H53
Als een drakenrijder zijn of haar, draakje voor het eerst aanraakt krijgt hij of zij een schok. Met die schok worden krachten over gebracht. Krachten van een drakenrijder. De rijder krijgt hier meer kracht, magie en engergie van. Na die schok raakt de rijder even buiten bewust zijn, daarna wordt hij of zij wakker en heeft de rijder een teken op zijn hand, het is het teken van de drakenridjers: de Gedwëy Ignasia. Als de rijder magie gebruikt gebruik hij of zij meestal de hand waar dit teken op zit, dat versterkt de magie die hij of zij toepast. Drakenrijders worden door dit teken vaak "Agetlan" genoemt, dat betekend: zilveren handpalm. Het teken is dan ook wit-zilver van kleur.
Lees ik in een van mijn boeken. Dit verklaard waarom ik die schok kreeg, en waarom ik neer ging toen ik mijn draakje aanraakte.
'Dit verklaart veel,' fluister ik naar de schuldige.

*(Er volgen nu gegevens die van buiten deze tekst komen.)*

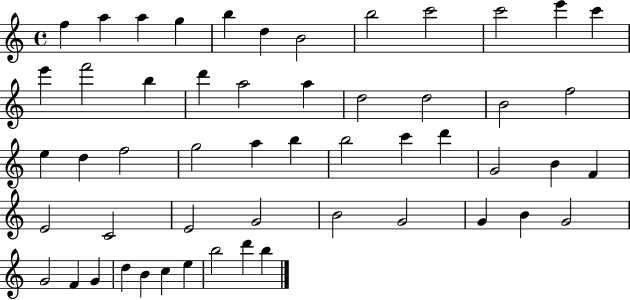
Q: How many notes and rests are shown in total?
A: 53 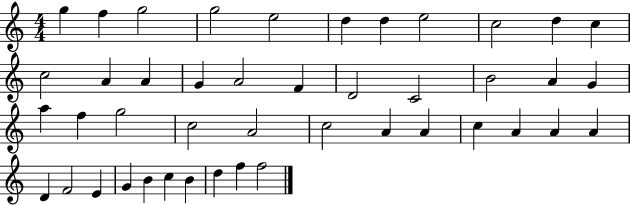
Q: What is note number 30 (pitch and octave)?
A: A4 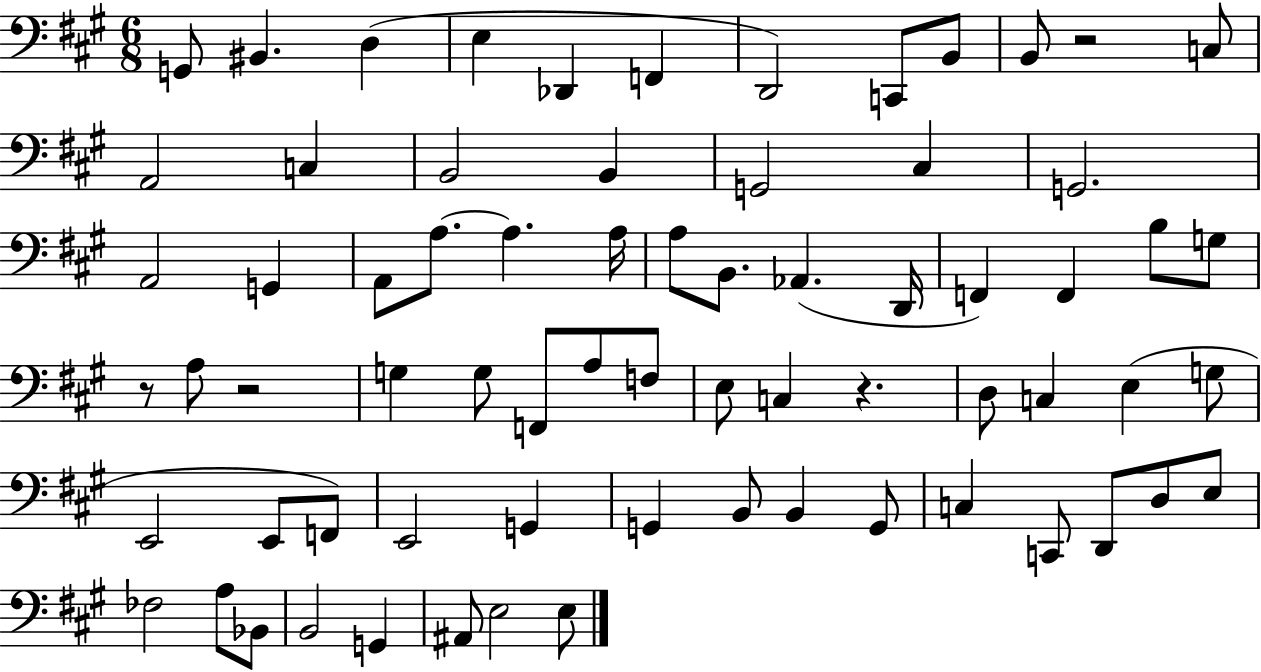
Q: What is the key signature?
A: A major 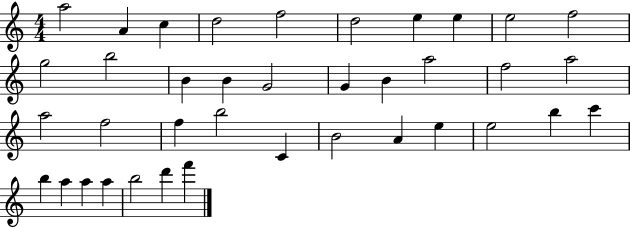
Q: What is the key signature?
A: C major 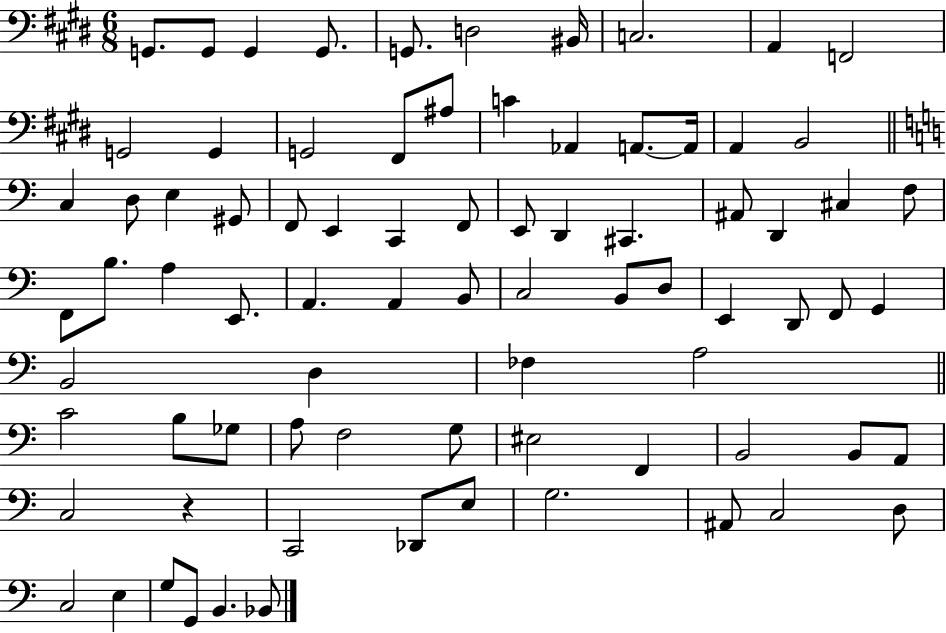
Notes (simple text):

G2/e. G2/e G2/q G2/e. G2/e. D3/h BIS2/s C3/h. A2/q F2/h G2/h G2/q G2/h F#2/e A#3/e C4/q Ab2/q A2/e. A2/s A2/q B2/h C3/q D3/e E3/q G#2/e F2/e E2/q C2/q F2/e E2/e D2/q C#2/q. A#2/e D2/q C#3/q F3/e F2/e B3/e. A3/q E2/e. A2/q. A2/q B2/e C3/h B2/e D3/e E2/q D2/e F2/e G2/q B2/h D3/q FES3/q A3/h C4/h B3/e Gb3/e A3/e F3/h G3/e EIS3/h F2/q B2/h B2/e A2/e C3/h R/q C2/h Db2/e E3/e G3/h. A#2/e C3/h D3/e C3/h E3/q G3/e G2/e B2/q. Bb2/e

'Pieuw,' zegt de schuldige.
'Ik weet het, piep,' zeg ik. Het draakje klauwd in de leuning van de stoel waar hij op ligt. Hij tikt mijn hand aan met zijn neusje. Honger.
'Heb je honger, kleintje?' vraag ik hem.
'Pieuwrr!' Ik ga er van uit dat dat een "Ja" is. Ik til mijn draakje op en we gaan op weg naar de grote zaal.
Onder weg zie ik verschillende rijders, mij met hun ogen nakijken. Oke, het zou stom zijn als ik serieus denk dat ze naar "mij" kijken, ze kijken duidelijk naar mini-draakje. Ik loop dan ook wat sneller, voorbij de deuren dan normaal. Dan kunnen ze minder lang naar mijn draakje kijken.
'Dit is de deur van Metsa, hij is de zoon van de dochter van de dochter van Galbatorix. Galbatorix was een slechte rijder, maar ik denk niet dat Metsa ook slecht is,' zeg ik tegen mijn draakje als ik langs deur 36 loop, de kamer van Metsa.
'Metsa denk iniedergeval wel dat iedereen dat van hem denkt... de idioot.' Ik hoor een deur zachtjes dicht gaan, en ik wordt rood. Oeps, ik hoop niet dat dat Metsa's deur was...
'Pieuw,' zegt mijn draakje.
'Ik weet het,' zucht ik. Ik hoop dat hij snel ook iets anders zal kunnen zeggen.
'Dit is de eet-zaal. Hier eten we. Er is echt van alles,' zeg ik. Het draakje geeft geen antwoord.
Ik ben blij dat de leerling-rijders nu les hebben met hun draken, dan hoef ik tenminste niet weg te rennen voor War en de andere die mij en mijn draakje een grote hoeveelheid aandacht willen geven. Onverdeelde aandacht, gruwel. Ik schuif een kippenbout naar me toe en hou het draakkje op mijn schouder tegen. Eerst het eten klein snijden, daarna eten.
'Smakelijk eten,' zeg ik tegen het draakje terwijl hij de kip naar binnen schrokt.